Initiée par la loi d’orientation en faveur des personnes handicapées proposée par Simone Veil et votée en juin 1975, cette nouvelle conception s’est progressivement implantée en France. Elle a notamment influencé la « Loi pour l’égalité des droits et des chances, la participation et la citoyenneté des personnes handicapées » votée en 2005. Cette loi élargit le champ d’intervention des politiques publiques vers l’intégration scolaire et professionnelle, le bâti, les transports, ou la création d’une prestation individuelle favorisant la vie en logement autonome. Par ces différents leviers d’intervention, elle prône une déségrégation du handicap, au sens d’une inclusion des personnes handicapées dans les milieux de vie (scolaires, professionnels, urbains…) « ordinaires » plutôt que leur assignation à des institutions séparées.

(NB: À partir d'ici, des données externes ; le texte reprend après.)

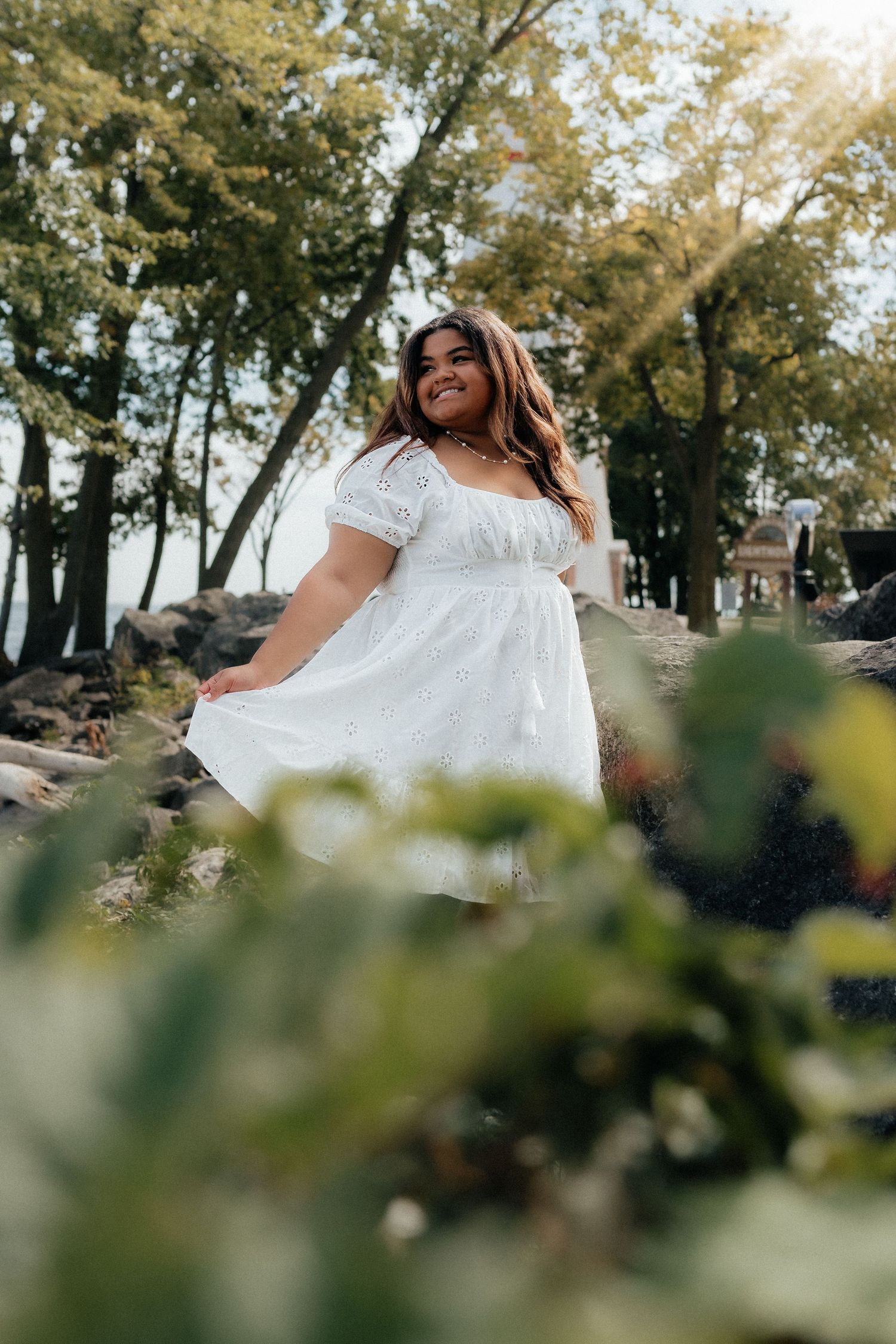 Dreamy outdoor portrait in white dress with sunlit trees in background. Marblehead Lighthouse Ohio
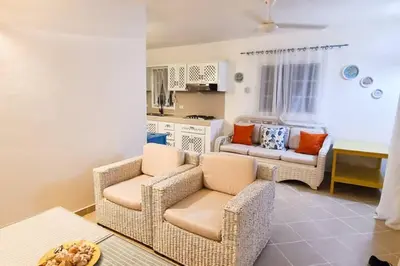 a living room with two chairs and a kitchen at Playa Turquesa only 50m From the Beach Walk to all Restaurants in Las Terrenas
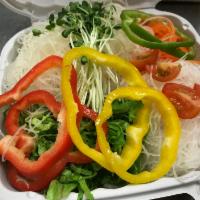 Pietro Rainbow Salad · Layered with raw potato, green leaf lettuce, carrots and daikon with bell peppers rings on t...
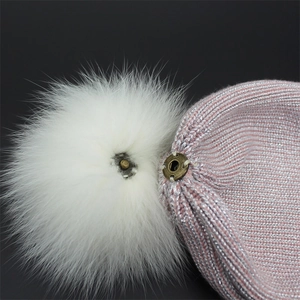 Detailed close-up of a pink knit beanie featuring a detachable fluffy white faux fur pompom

Comprendre les effets de l’action publique par une enquête de terrain
Dans ses recherches, Anne Revillard étudie les effets de ces mesures auprès des personnes en situation de handicap et explore notamment les évolutions de leur statut social. Elle s’inscrit en cela dans le courant récent des « disability studies » pour évaluer comment l’expérience sociale du handicap a changé en France, et si la place des personnes handicapées dans la stratification sociale s’est transformée.
Elle s’intéresse à la fois aux effets des dispositifs et à leurs appropriations, à la façon dont les individus concernés les perçoivent et les mobilisent (par exemple, quelle représentation ils se font d’une prestation, dans quelle mesure et pourquoi ils y ont recours). Pour ce faire, elle suscite, dans le cadre d’entretiens, les récits de vie des personnes, afin d’analyser comment l’action publique intervient dans leurs expériences du handicap.
30 entretiens biographiques ont ainsi été réalisés auprès de personnes handicapées moteures ou déficientes visuelles, d’âges, d’origine géographique et de milieu social variés. A partir de ces récits de vie, trois thématiques principales sont explorées dans l’article : la scolarisation et l’emploi ; la compensation financière du handicap, et l’accessibilité. Plusieurs méthodes d’exploitation de ces entretiens ont été mises en œuvre en parallèle : comparaison intergénérationnelle, pour retracer les évolutions au fil du temps ; analyse de contenu thématique pour étudier les effets et usages de dispositifs spécifiques, et analyse approfondie d’extraits sur le thème de l’accessibilité.
Des résultats inégaux, contrastés, et en deçà des objectifs
Les trajectoires de vie analysées témoignent d’une déségrégation partielle à l’école ou au travail, mais inégale et chaotique selon les individus. L’intégration scolaire et professionnelle, si elle fonctionne aujourd’hui comme une norme forte, est loin d’être aboutie en pratique.
De plus, le type et le degré de déficience, le genre, la classe sociale, la localisation géographique, ainsi que de la conjoncture économique modulent fortement l’effet des politiques publiques en matière d’éducation et d’emploi.
La prestation de compensation du handicap (PCH) améliore l’autonomie, mais impose aussi davantage de contrôle administratif dans l’évaluation des besoins et sur les dépenses. Bien qu’universelle (sans condition de ressources), elle reste perçue comme une prestation à caractère social. Ceci explique des cas de non-recours observés au sein des classes supérieures.
Enfin, les dispositions de 2005 sur la mise en accessibilité du cadre bâti et des transports participent bien d’une meilleure inclusion dans la société, mais elles catalysent aussi des critiques et mobilisations, notamment devant le report des délais de mise en œuvre, surtout chez les plus jeunes. On mesure ici les frustrations et attentes vis-à-vis des intentions des pouvoirs publics et des promesses affichées.